I just learned about margingale pricing, but here is my strategy: My starting point is GBM under the risk-neutral measure $$Q$$: $$dS = rSdt + \sigma S dW^Q$$. Introducing $$\hat S = S/\beta(t)$$ and using Ito's product rule we find

$$d\hat S = \sigma \hat S dW^Q$$

In other words, the discounted GBM is a martingale under $$Q$$, which in turn means that we can find the call price as

$$C(t) = \frac{\beta(t)}{\beta(T)}\mathbb E^Q[(S(T)-K)^+]$$

Question: In the expectation value for calculating $$C(t)$$, do I need $$S(T)$$ or $$\hat S(T)$$?

## Numéraire Change

The time-$$t$$ price of a zero-coupon bond maturing at time $$T$$ is $$P(t,T)=\mathbb{E}^\mathbb{Q}_t\left[\exp\left(-\int_t^T r_s\text{d}s\right)\right].$$

Let $$\mathbb{Q}$$ be our standard risk-neutral probability measure which uses a locally risk-free bank account, $$\text dB_t=r_tB_t\text dt$$, as numéraire.
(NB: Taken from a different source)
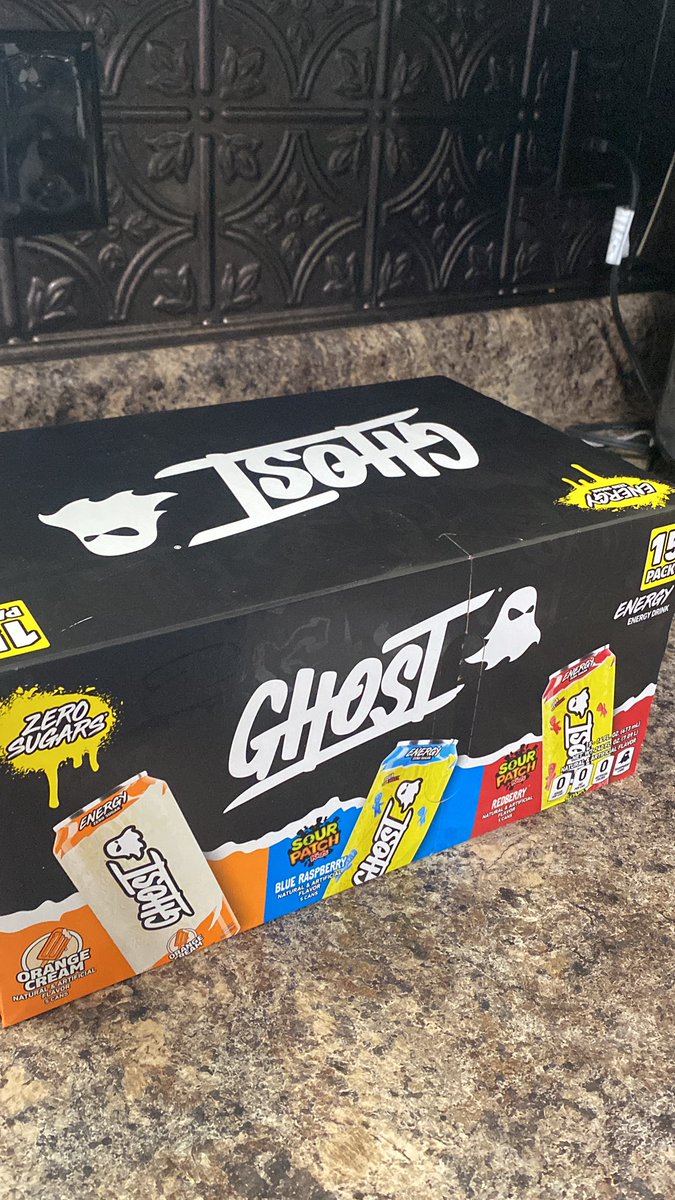 Stoked because my local Sam’s Club finally is carrying Ghost 😩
From Geman et al. (1995), we know \begin{align} \frac{\text d\mathbb Q^T}{\text d\mathbb Q}\Bigg|_{\mathcal{F}_t}=\frac{P(T,T)}{P(t,T)}\frac{B_t}{B_T}=\frac{1}{P(t,T)}\frac{B_t}{B_T}. \end{align} Then, the forward price $$\frac{S_t}{P(t,T)}$$ is a $$\mathbb{Q}^T$$-martingale, i.e. \begin{align*} S_t = P(t,T)\mathbb{E}^{\mathbb{Q}^T}_t[S_T]. \end{align*} When interest rates are deterministic, $$\mathbb{Q}=\mathbb{Q}^T$$ and, as always, $$S_t=e^{-r(T-t)}\mathbb{E}^\mathbb{Q}_t[S_T].$$

For an equivalent probability measure which uses the (reinvested) stock as numéraire, we get \begin{align} \frac{\text d\mathbb{Q}^S}{\text d\mathbb Q}\Bigg|_{\mathcal{F}_t}=\frac{S_Te^{qT}}{S_te^{qt}}\frac{B_t}{B_T}. \end{align}

## Option Pricing

The initial value of a call option is thus \begin{align*} \text{Call}(S_0;K,T)&=\mathbb{E}^\mathbb{Q}_0\left[\frac{B_0}{B_T}\max\{S_T-K,0\}\right] \\ &= \mathbb{E}^\mathbb{Q}_0\left[\frac{B_0}{B_T}S_T\mathrm{1}_{\{S_T\geq K\}}\right]-K\mathbb{E}^\mathbb{Q}_0\left[\frac{B_0}{B_T}\mathrm{1}_{\{S_T\geq K\}}\right] \\ &= S_0e^{-qT}\mathbb{E}^{\mathbb{Q}^S}_0\left[\mathrm{1}_{\{S_T\geq K\}}\right]-KP(0,T)\mathbb{E}^{\mathbb{Q}^T}_0\left[\mathrm{1}_{\{S_T\geq K\}}\right] \\ &= S_0e^{-qT}\mathbb{Q}^S\left[\left\{S_T\geq K\right\}\right]-KP(0,T)\mathbb{Q}^T\left[\left\{S_T\geq K\right\}\right]. \end{align*}

This is Theorem 2 in Geman et al. (1995) and beautifully decomposes option prices into two exercise probabilities. Note that we made no assumptions about the distribution of the stock price. Assuming constant interest rates and normally distributed stock returns nests the Black and Scholes (1973) formula.